- PROBLEM: Look through the data below and extract, unchanged, the lines from the one that contains "ST065 Acrylic Caterpillar" to the one that contains "No-Drill Wall-Mounted Kitchen", both included.

- EXERCISE INPUT:
━━━
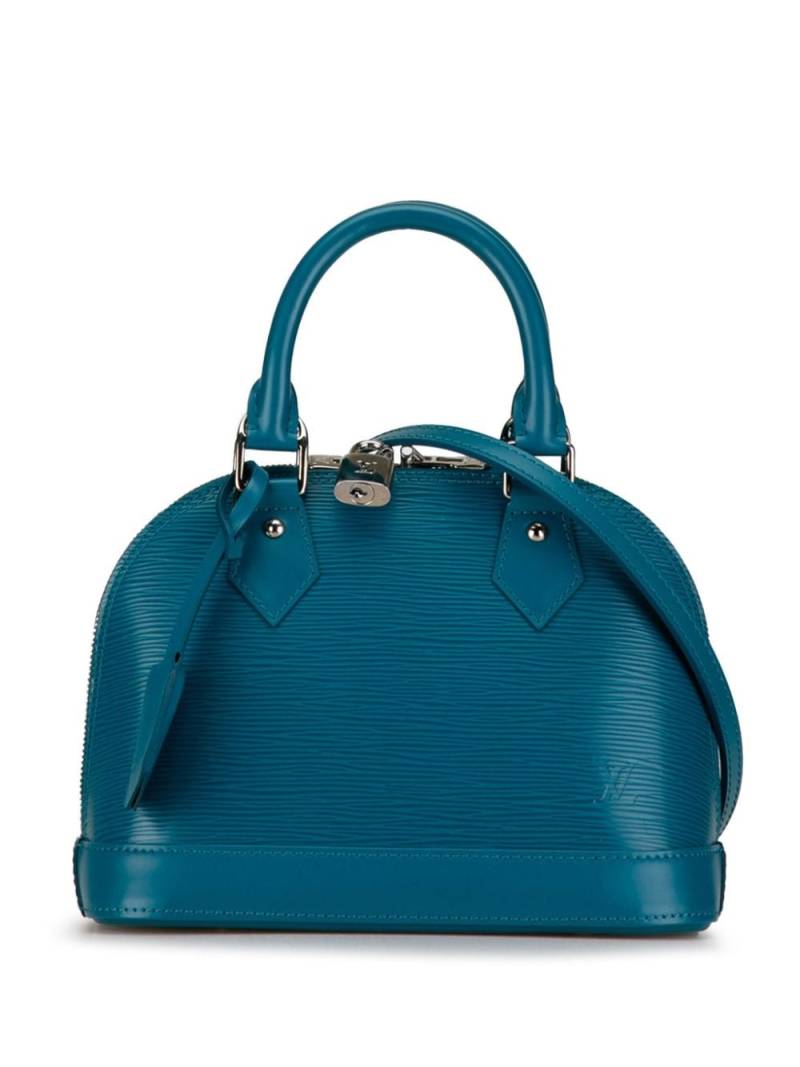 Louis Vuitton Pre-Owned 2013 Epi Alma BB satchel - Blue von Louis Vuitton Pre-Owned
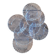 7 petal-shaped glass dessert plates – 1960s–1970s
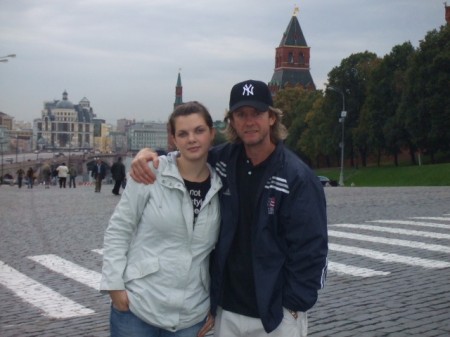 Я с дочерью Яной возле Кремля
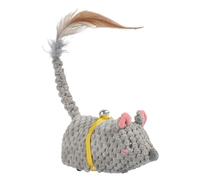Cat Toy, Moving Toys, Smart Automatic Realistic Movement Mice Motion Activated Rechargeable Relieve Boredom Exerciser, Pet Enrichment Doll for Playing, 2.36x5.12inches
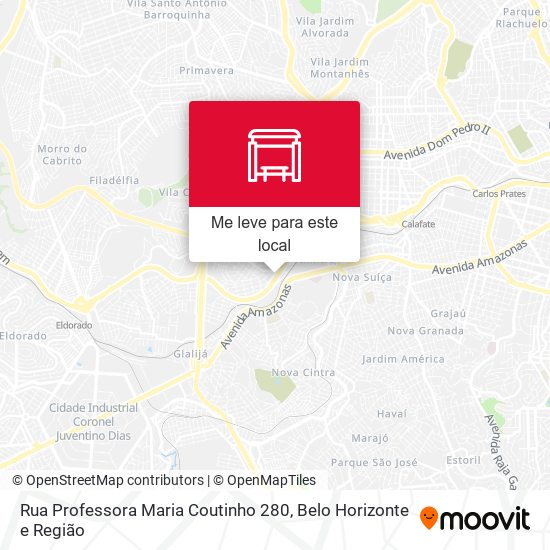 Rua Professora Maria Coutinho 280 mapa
━━━
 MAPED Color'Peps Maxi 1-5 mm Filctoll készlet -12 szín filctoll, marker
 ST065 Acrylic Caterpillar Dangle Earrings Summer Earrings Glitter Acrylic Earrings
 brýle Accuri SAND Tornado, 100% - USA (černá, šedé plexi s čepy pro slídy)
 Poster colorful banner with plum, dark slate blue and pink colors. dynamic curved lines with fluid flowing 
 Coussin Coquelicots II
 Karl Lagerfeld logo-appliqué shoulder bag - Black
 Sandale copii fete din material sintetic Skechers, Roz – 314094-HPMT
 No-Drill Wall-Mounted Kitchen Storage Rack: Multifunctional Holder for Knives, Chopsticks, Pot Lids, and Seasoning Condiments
━━━
- TASK ANSWER:
 ST065 Acrylic Caterpillar Dangle Earrings Summer Earrings Glitter Acrylic Earrings
 brýle Accuri SAND Tornado, 100% - USA (černá, šedé plexi s čepy pro slídy)
 Poster colorful banner with plum, dark slate blue and pink colors. dynamic curved lines with fluid flowing 
 Coussin Coquelicots II
 Karl Lagerfeld logo-appliqué shoulder bag - Black
 Sandale copii fete din material sintetic Skechers, Roz – 314094-HPMT
 No-Drill Wall-Mounted Kitchen Storage Rack: Multifunctional Holder for Knives, Chopsticks, Pot Lids, and Seasoning Condiments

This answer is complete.